Communication Disorders Quarterly
- Discipline: Communication disorders
- Language: English
- Edited by: Judy Montgomery

Publication details
- Former names: Journal of Children's Communication Development, CDQA Journal of Childhood Communication Disorders
- History: 1976-present
- Publisher: SAGE Publications (United States)
- Frequency: Quarterly
- Impact factor: 0.66 (2017)

Standard abbreviations
- ISO 4: Commun. Disord. Q.

Indexing
- ISSN: 1525-7401 (print) 1538-4837 (web)
- LCCN: 99008820
- OCLC no.: 61168830

Links
- Journal homepage; Online archive;

= Communication Disorders Quarterly =

Communication Disorders Quarterly is a quarterly peer-reviewed academic journal that covers research on typical and atypical communication, from oral language development to literacy in clinical and educational settings. The editor-in-chief is Judy Montgomery (Chapman University). It was established in 1976 and is currently published by SAGE Publications in association with the Hammill Institute on Disabilities.
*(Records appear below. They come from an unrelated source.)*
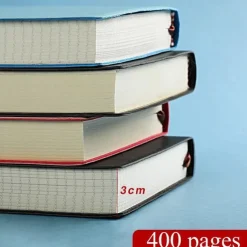 400 Pages A4 Notebook College Student Art Exquisite Thickened Large Notepad A5 Office High-end Pu Leather Work Conference Record Book Horizontal Line Diary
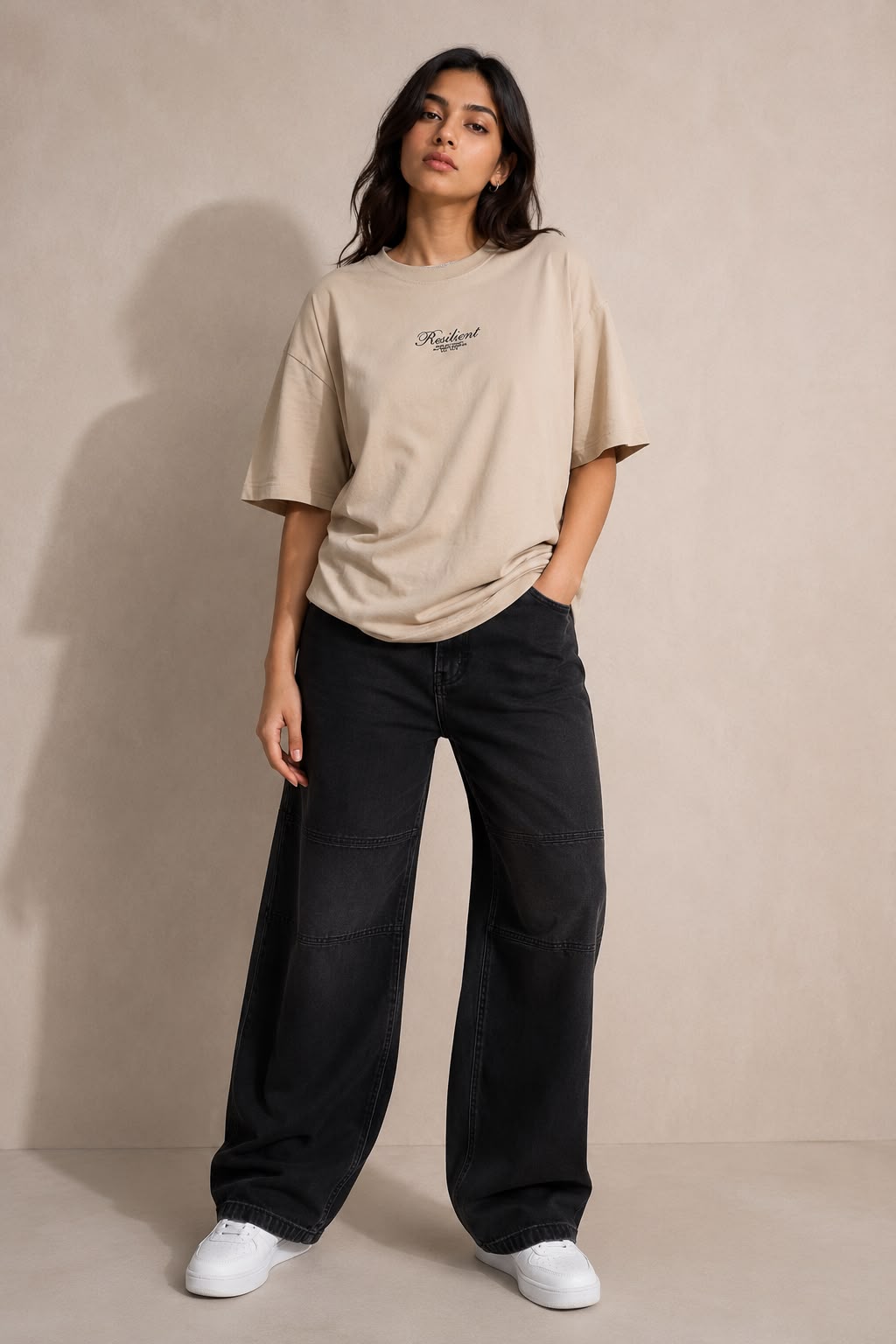 THREAD RARE Resilient Oversized T-Shirt – Beige | Drop Shoulder | Lite GSM Organic Cotton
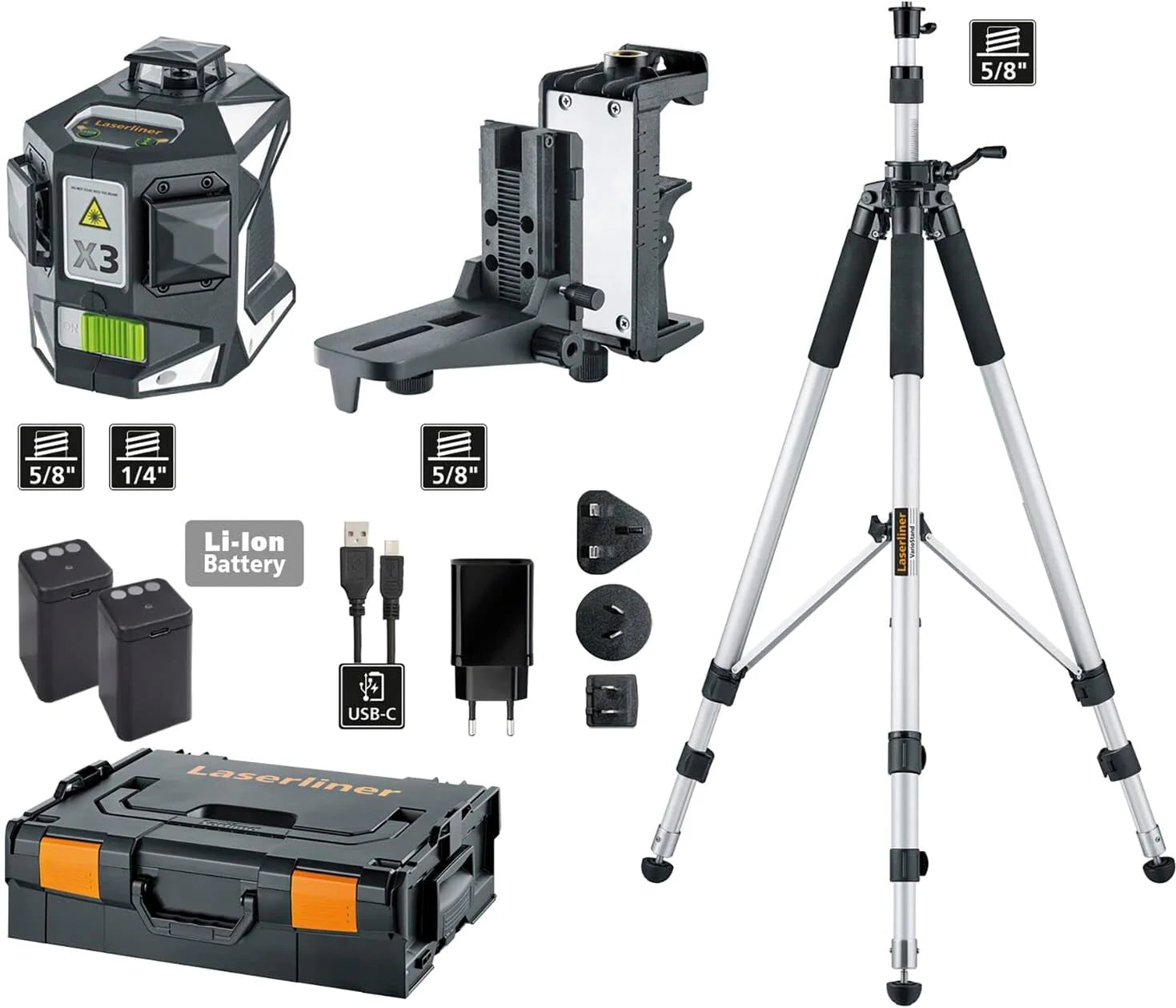 Umarex Laserliner X3-Laser Pro Professionele kruislijnlaser (driedimensionale laser, horizontaal + verticaal, lasermeter met accu, soldeerfunctie, geïntegreerde handontvangermodus)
== Abstracting and indexing ==
Communications Disorders Quarterly is abstracted and indexed in:
- CINAHL
- Contents Pages in Education
- Educational Research Abstracts Online
- Linguistics and Language Behavior Abstracts
- PsycINFO
- Scopus
According to the Journal Citation Reports, its 2014 impact factor is 0.66, ranking it 63 out of 69 journals in the category Rehabilitation.